Greeting

Greetings from the representative of the laboratory

 Creation of environment-friendly technology that connects resources and materials
Mineral Processing, Recycling & Environmental Remediation Laboratory, Professor Keiko SASAKI

prof.Sasaki

 

Mineral Processing, Recycling & Environmental Remediation Laboratory has a long history of more than 100 years with the history of Kyushu University, although its name has changed, and is engaged in research and education aimed at discovering and overcoming all engineering issues that lie between resources and materials. Mining engineering, which once supported the arteries of industry, has now become a field of comprehensive engineering and earth system engineering and is still inherited.

The process from resource mining to utilization is likened to the flow of a river. In global resources system engineering, mineral processing engineering and environmental remediation engineering, which are located in the most downstream areas, are not only fields that deal with the resource production stage, but also fields that deal with the input stage of new supply chains.

Furthermore, this idea will be extended not only to natural resources on the earth but also to wastes of metal products (urban mines) and objects that are positioned as the gateway to the materialization of extraterrestrial resources.

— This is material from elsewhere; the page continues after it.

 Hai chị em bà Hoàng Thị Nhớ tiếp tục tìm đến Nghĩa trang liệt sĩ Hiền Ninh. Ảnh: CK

The point is that mineral processing engineering has a separation/purification mission that raises the order of purity when upgrading from resources to materials, and environmental remediation engineering is the inside out, it separates unnecessary substances and repellent elements and stabilizes them.

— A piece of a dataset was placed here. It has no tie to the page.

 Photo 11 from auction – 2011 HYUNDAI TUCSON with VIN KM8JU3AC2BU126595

Looking at the research results of our laboratory for a long time, it seems that the treasure trove of the earth still has unknown abilities. Microorganisms that act on solid minerals and decompose them, minerals that respond to light and convert light energy into chemical energy, minerals that assist it, natural organic matter that aggregates mineral fine particles, and only adding those a few human interventions, we will notice that nature can be reborn anywhere.

The Great East Japan Earthquake struck in 2011, and the leakage of radioactive waste from nuclear power plants became a major problem. Furthermore, in 2020, the COVID-19 pandemic has become at the top of all human activity judgments, tightening behavioral restrictions, stopping economic activity, and trying to upset our lives from the ground up. Living in this era where no one could have predicted what would have happened like this, it is genuinely required that we should work on comprehensive engineering from a comprehensive and flexible perspective in order to make the best use of our current efforts.

As the closest comprehensive engineering engineers who can contribute to the Sustainable Development Goals (SDGs) set by the United Nations, we hope to keep active for the creation of environment-friendly technology that connects resources and materials to the world.